- _Exercise_
Provide an exact copy of the lines from the beginning of the records through the line that includes "Close up of pink peony on pink background.", and of no others.

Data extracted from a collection

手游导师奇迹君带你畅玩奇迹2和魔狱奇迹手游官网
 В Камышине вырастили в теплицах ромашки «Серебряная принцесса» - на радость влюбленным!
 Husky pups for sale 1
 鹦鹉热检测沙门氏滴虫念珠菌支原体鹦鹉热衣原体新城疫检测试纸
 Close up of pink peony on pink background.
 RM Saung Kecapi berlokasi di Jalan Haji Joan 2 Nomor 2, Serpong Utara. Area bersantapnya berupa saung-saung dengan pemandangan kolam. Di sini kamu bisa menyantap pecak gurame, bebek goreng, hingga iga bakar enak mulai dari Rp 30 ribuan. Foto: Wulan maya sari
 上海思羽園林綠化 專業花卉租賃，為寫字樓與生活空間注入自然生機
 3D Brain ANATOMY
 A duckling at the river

- _Written reply_
手游导师奇迹君带你畅玩奇迹2和魔狱奇迹手游官网
 В Камышине вырастили в теплицах ромашки «Серебряная принцесса» - на радость влюбленным!
 Husky pups for sale 1
 鹦鹉热检测沙门氏滴虫念珠菌支原体鹦鹉热衣原体新城疫检测试纸
 Close up of pink peony on pink background.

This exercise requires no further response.